In 1977, Fred Sanger determined the complete sequence of the bacteriophage ΦX174. This circular DNA, consisting of 5,386 nucleotides, was the first DNA genome humanity ever fully read. In 2003, Craig Venter's research team chemically synthesized the same ΦX174 genome and succeeded in producing functional virus particles within 14 days. It marked the dawn of an era in which genomes could be "written."
More than 20 years later, in September 2025, a collaborative research team led by Associate Professor Brian Hie of Stanford University's Department of Chemical Engineering and the Arc Institute once again chose this historic virus as their stage. This time, they did not "write" it—they had AI "design" it.
Their findings were published in Science in 2026 (DOI: 10.1126/science.aec2657). Lead author Samuel King and colleagues generated 16 functional bacteriophages from AI-generated genome sequences, showing that some possessed killing power exceeding that of natural ΦX174. It is the world's first report of a functioning biological entity emerging from an AI-designed genome.
The "Next Wall" Left by Successful Protein Design
The fusion of AI and biology has already reached one major milestone.

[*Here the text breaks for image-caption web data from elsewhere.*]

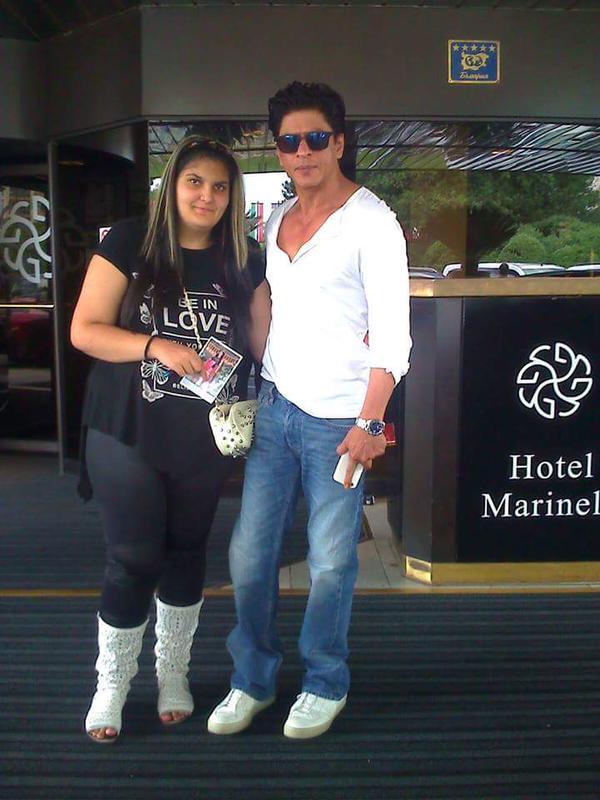 Actor Shah Rukh Khan meets a fan on sets of Dilwale Movie Shah Rukh Khan,actor Shah Rukh Khan,SRK,Shah Rukh Khan meets a fan on sets of Dilwale Movie,Dilwale,Dilwale Movie,Shah Rukh Khan meets a fan,Dilwale on the sets,Shah Rukh Khan latest pics,Shah Rukh Khan latest images,Shah Rukh Khan latest photos,Shah Rukh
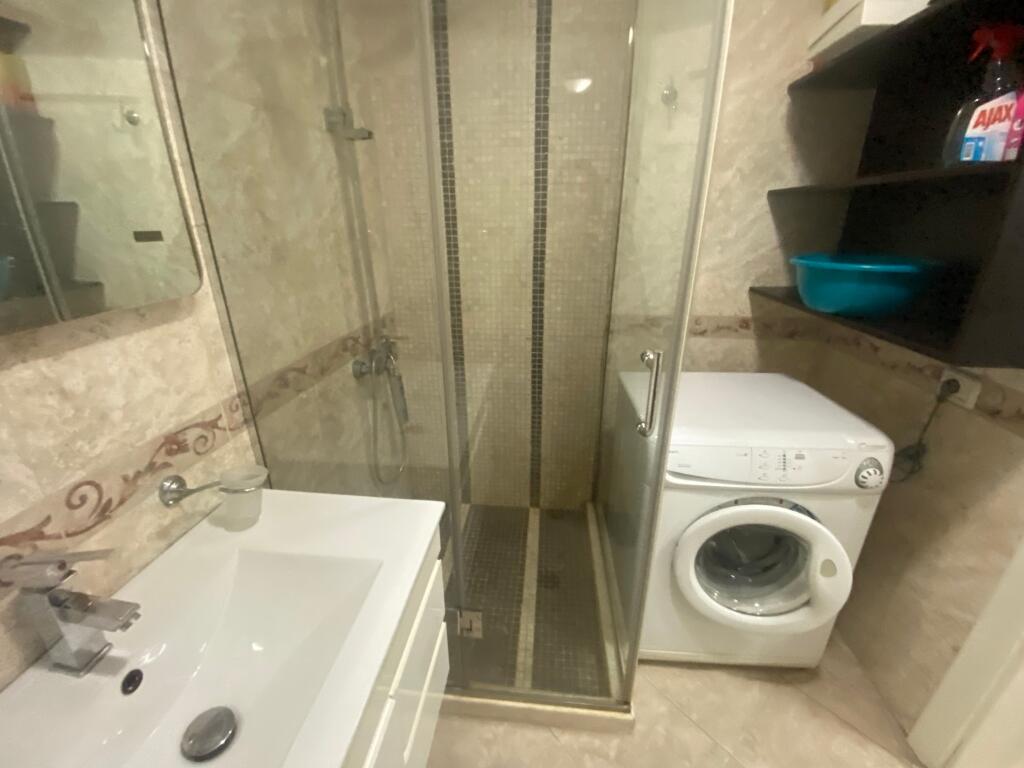 1+1 i mobiluar,liqeni i thate buze rruge,550  euro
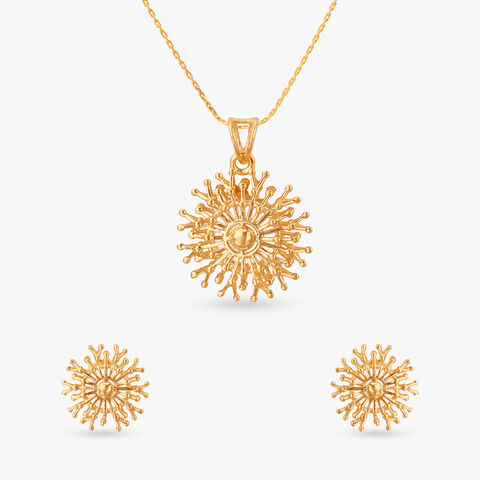Sunspell Charm Gold Pendant and Earrings Set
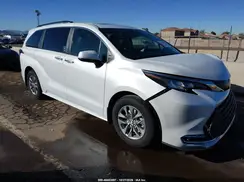 5TDJRKEC2PS164995 2023 TOYOTA SIENNA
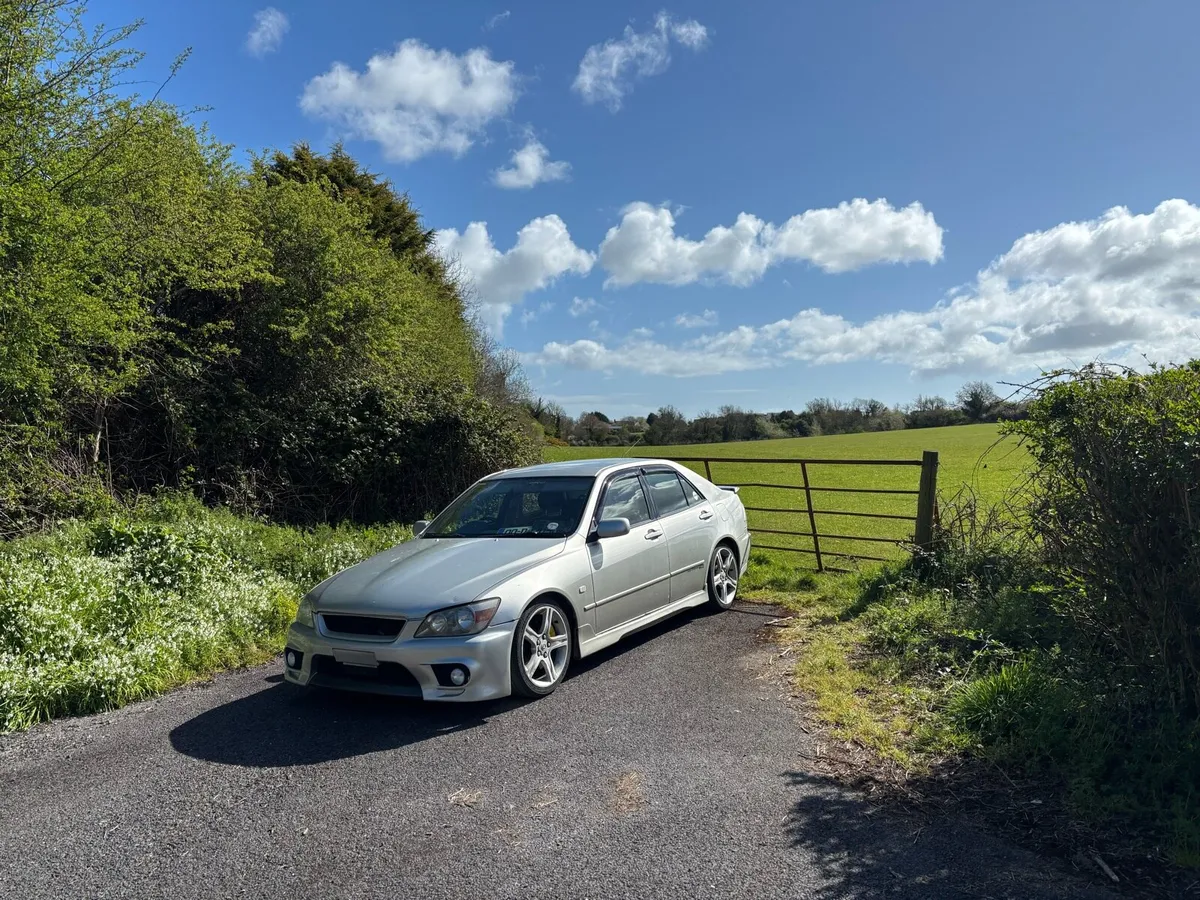 Lexus is200 - Image 1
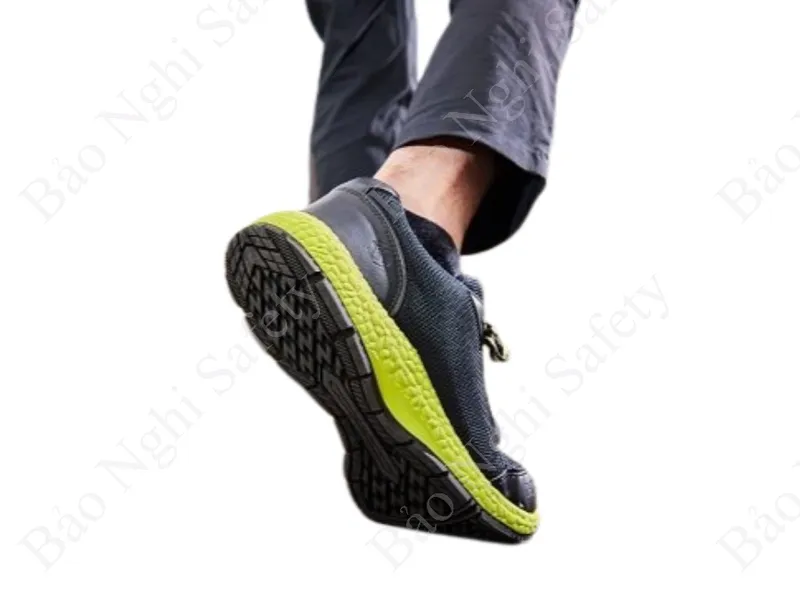 TÁC DỤNG CỦA ĐẾ CHỐNG TRƯỢT - CHỐNG ĐINH - CHỐNG TĨNH ĐIỆN TRONG GIÀY BẢO HỘ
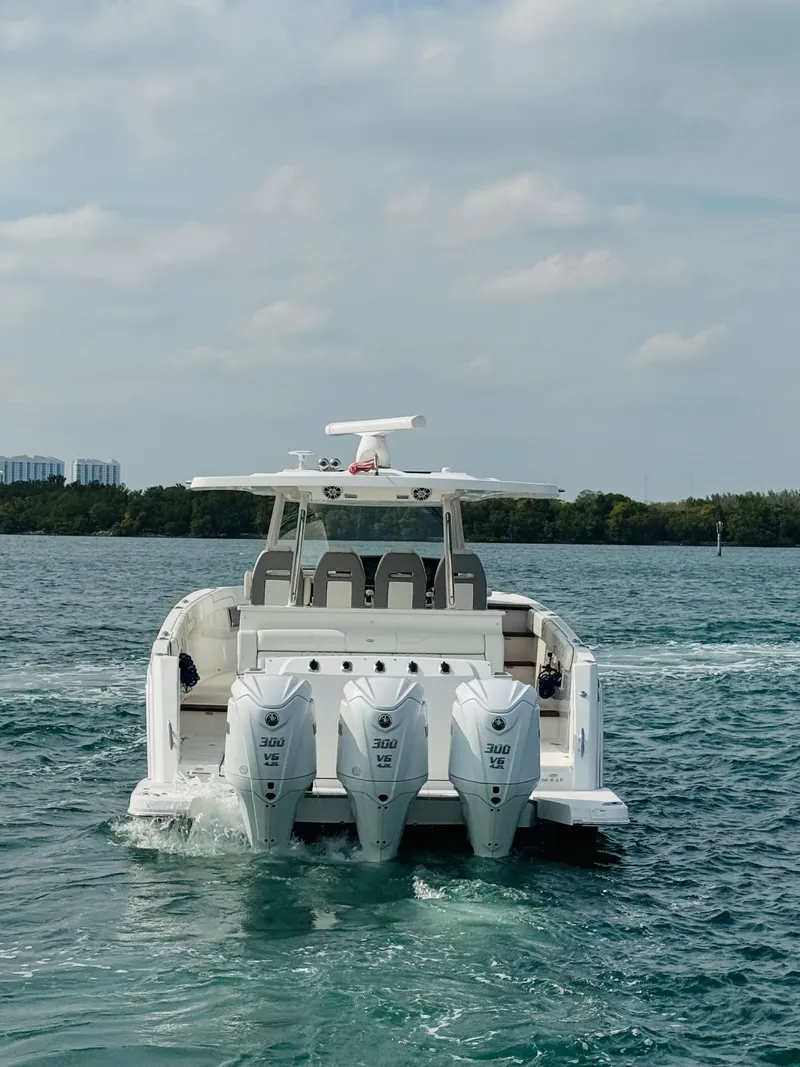 Slide: The Image of 2022 REGAL 38 SAV - Image 7 - 7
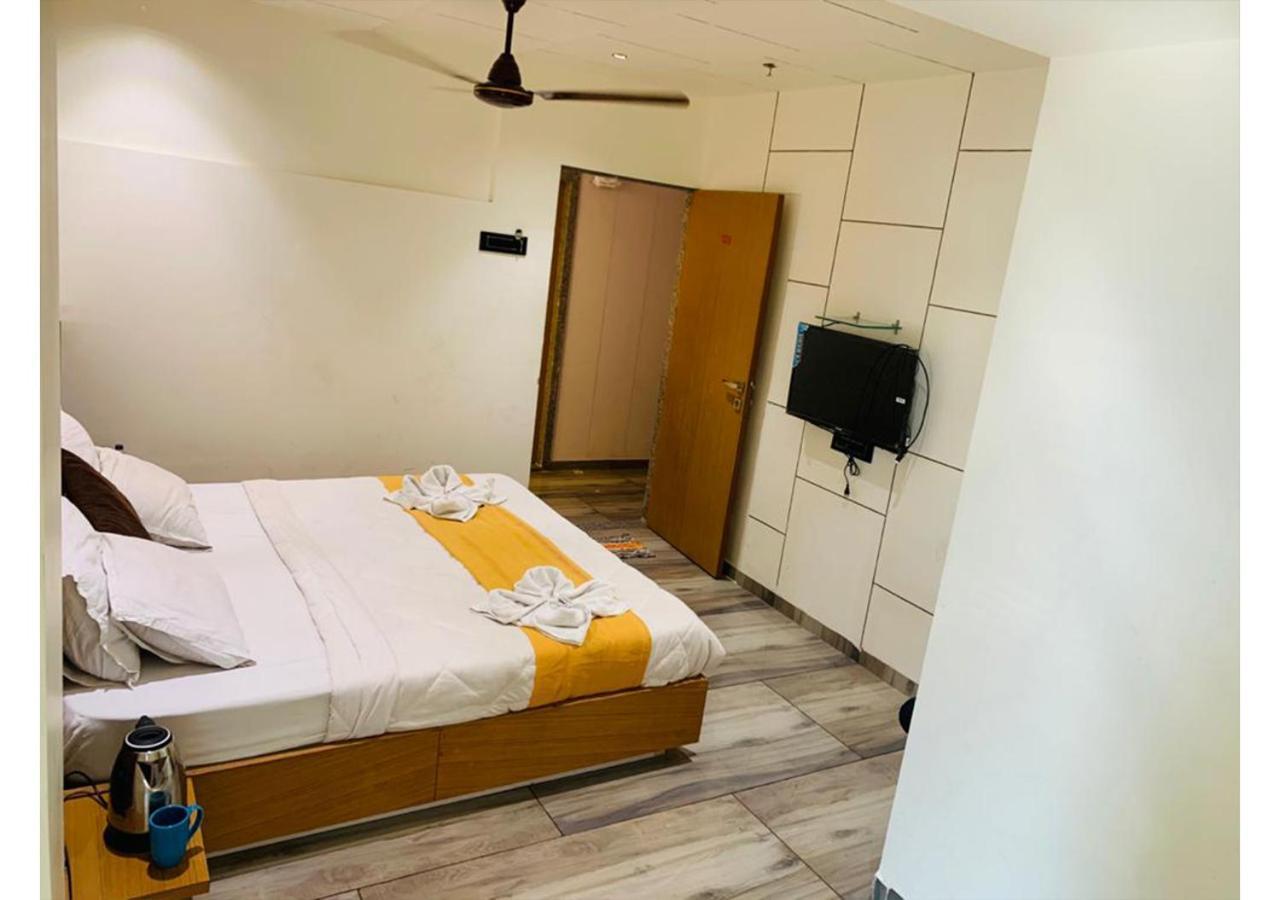 Shree Murlidhar Guest House Surat Exterior photo
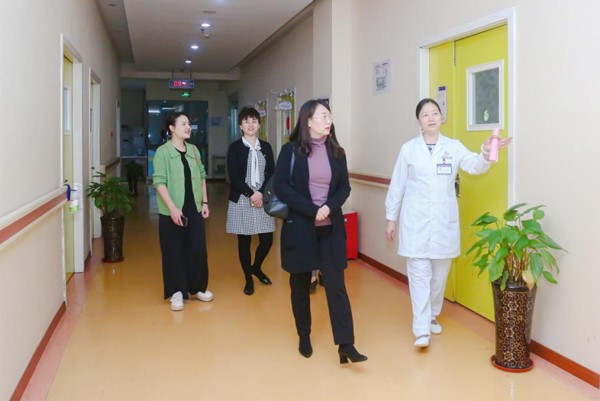 顏耀華參觀醫(yī)院。重慶安琪兒婦產(chǎn)醫(yī)院供圖
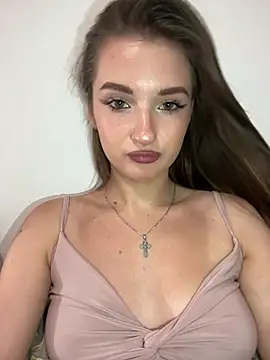 Green eyes lady online show from July 2026 04:25:02 PM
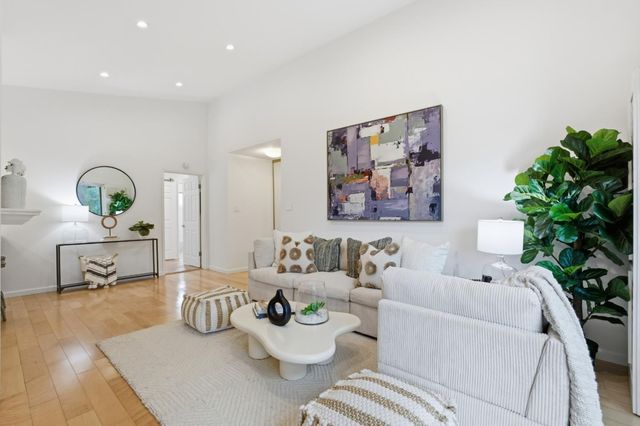 4117 George Avenue 4, San Mateo, CA 94403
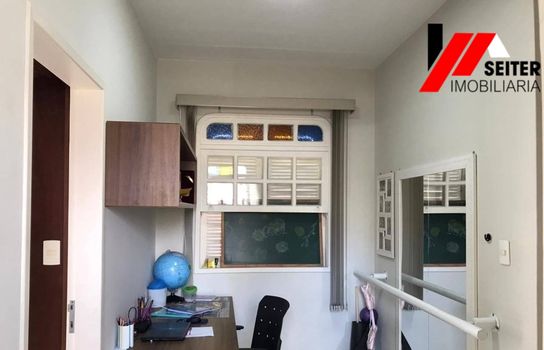 Foto 11 do(a) Casa de 4 quartos à venda em Centro, Florianópolis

The 2024 Nobel Prize in Chemistry was awarded to Demis Hassabis and John Jumper of DeepMind for developing AlphaFold, which predicts protein structures, and to David Baker for creating RFdiffusion, which designs proteins. As this award demonstrates, it is now essentially academic consensus that AI can solve protein folding and design entirely new proteins from scratch.
However, proteins are only part of a genome. Biological function does not arise from a single gene product but from the totality of elements woven together—interactions among multiple genes, regulatory sequences, replication origins, and packaging signals. There is a qualitative gap between designing a single protein and designing an entire genome in which these elements must work together correctly.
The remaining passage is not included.